La narration purement épique, c'est-à-dire du poëte à nous, n'a besoin d'être intéressante que pour nousmêmes. Qu'elle réunisse à notre égard l'agrément et l'utilité, l'objet du poëte est rempli : elle peut même se passer d'instruire, pourvu qu'elle attache. Or, le plaisir qu'elle peut causer est celui de l'esprit, de l'imagination ou du sentiment.

Plaisir de l'esprit, lorsqu'elle est une source de réflexion et de lumières : c'est l'intérêt que nous éprouvons à la lecture de Tacite. Il suffit à l'histoire; il ne suffit pas à la poésie, mais il en fait le plus solide prix, et c'est par là qu'elle plaît aux sages.

Plaisir de l'imagination, lorsqu'on présente aux yeux de l'âme le tableau de la nature: c'est là ce qui distingue la narration du poëte de celle de l'historien.
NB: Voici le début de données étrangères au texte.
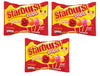 Starburst Candy Lollipops Original Flavors - Fruit Chew Lollipops 26.4Oz Total, 3 Count (Pack Of 1)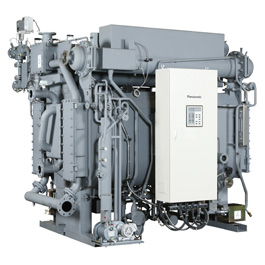 Fシリーズ 超省エネルギーWE型蒸気焚ジェネリンク 商品画像（クリックで拡大）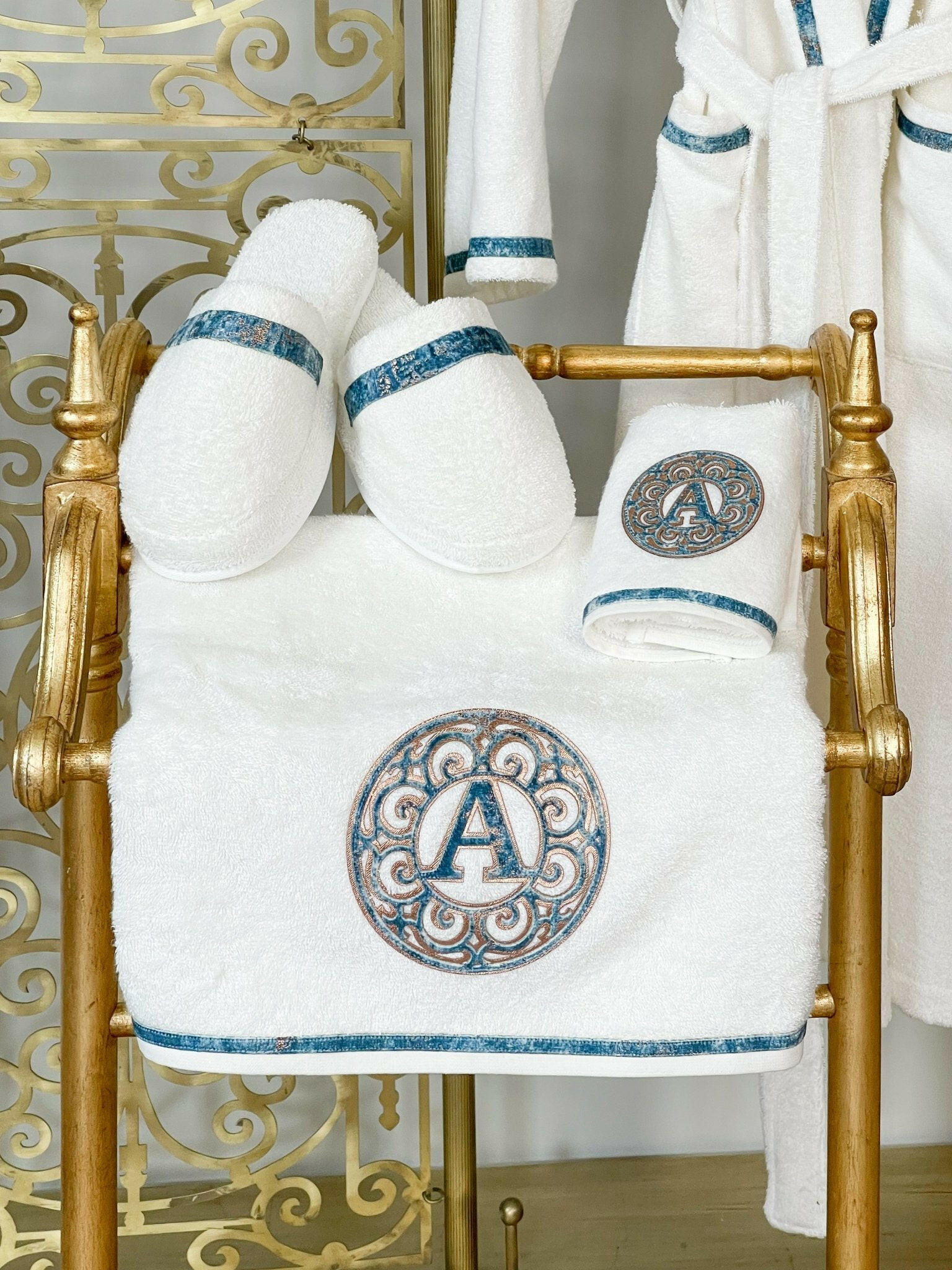 Custom Robe For Him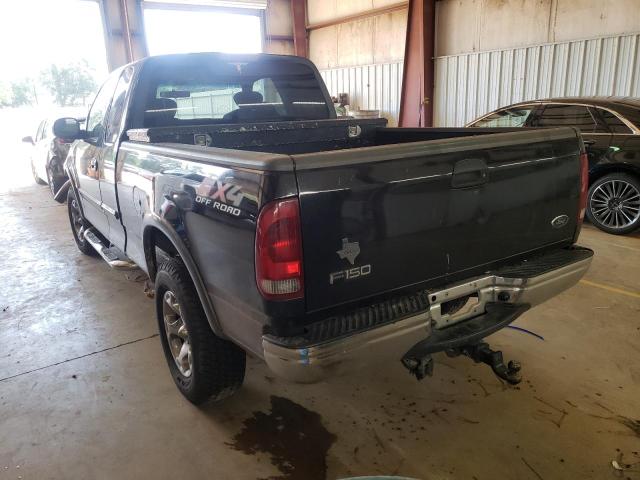 Photo 3 from auction – 2003 FORD F150 with VIN 1FTRX18L63NB12963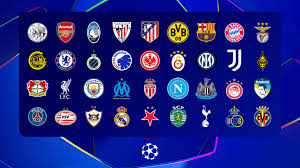 Liga Champions Eropa 2025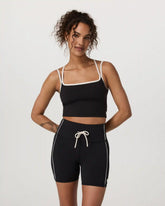 Daily Layered Tank | Black
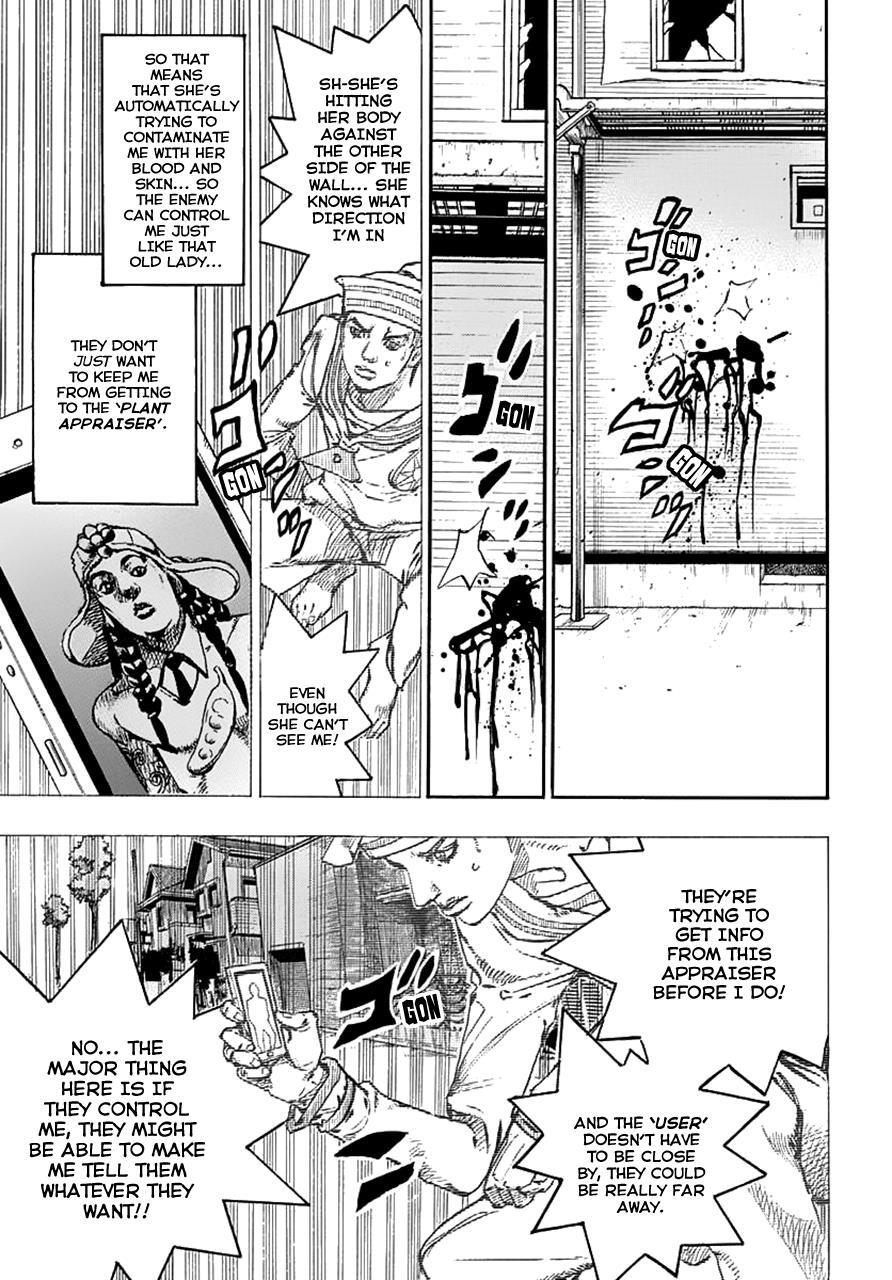 Read JoJo's Bizarre Adventure Part 8 - JoJolion Manga Online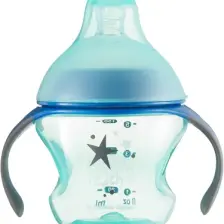 Tommee Tippee Alıştırma Bardağı / Transition Cup Mavi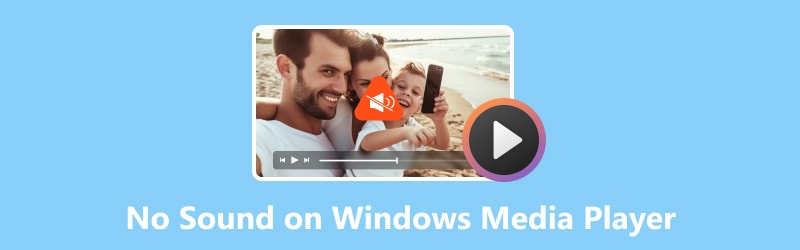 إصلاح مشكلة عدم وجود صوت في Windows Media Player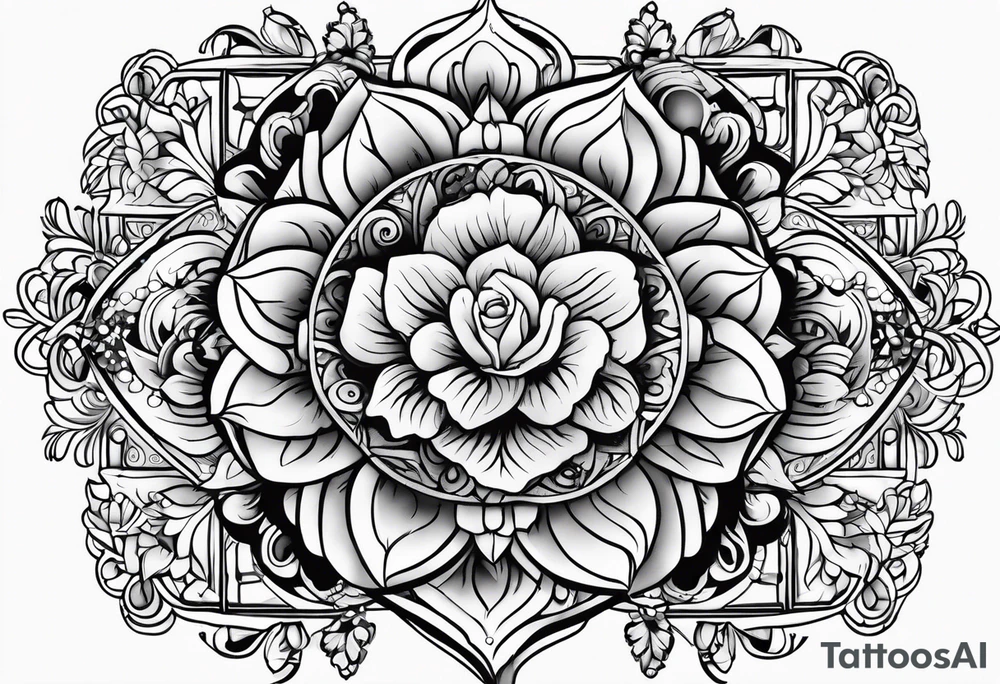 Josie Ann tattoo idea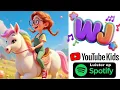 Download Lagu Videoclip: Mijn Fantasie! | Kinderliedjes met animatie, vrolijke leuke liedjes en muziek!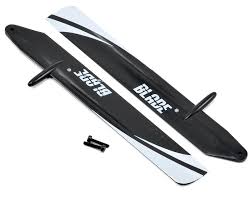 Blade Fast Flight Main Rotor Blade Set: 130X (BLH3715) Friendly Hobbies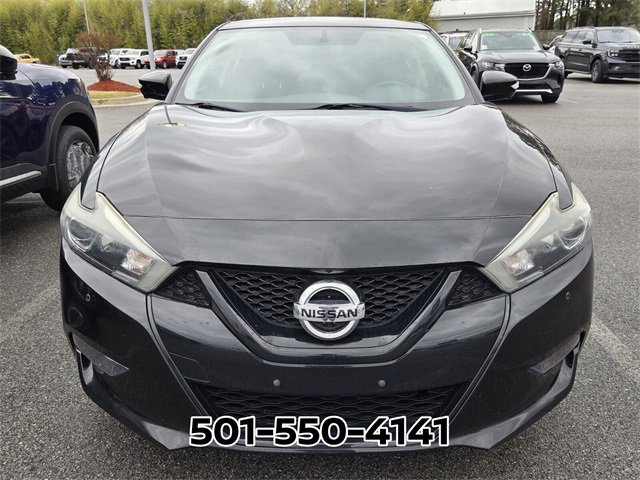 Used 2018 Nissan Maxima SR w/ Midnight Edition image 7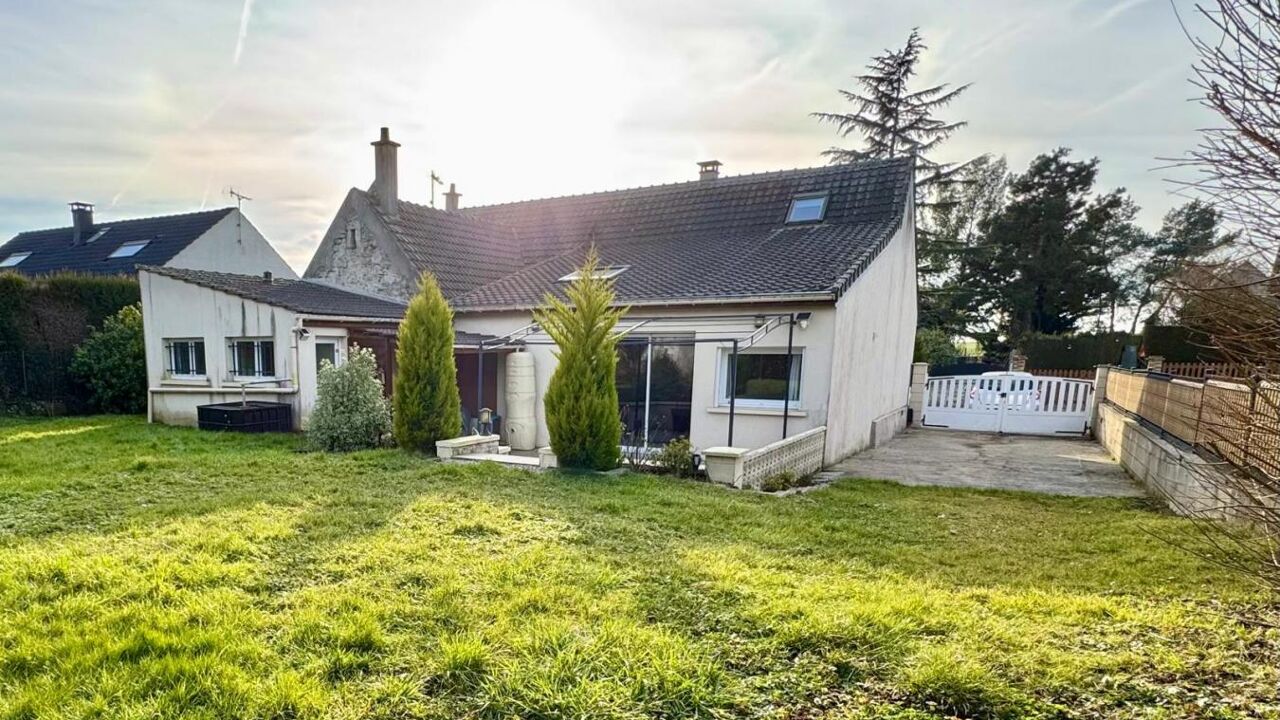 maison 5 pièces 121 m2 à vendre à Crépy-en-Valois (60800)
Le soin de la varier et de l'enrichir fait qu'on y mêle souvent des descriptions épisodiques; mais l'art de les enlacer dans le tissu de la narration, de les placer dans les repos, de leur donner une juste étendue, de les faire désirer ou comme délassements, ou comme détails curieux, cet art, dis-je, n'est pas facile.

Cet attrait même de la nouveauté, ce plaisir de l'imagination, s'il étoit seul, seroit foible et bientôt insipide; l'âme ne sauroit s'attacher à ce qui ne l'éclaire ni ne l'émeut; et du moins, si on la laisse froide, ne faut-il pas la laisser vide.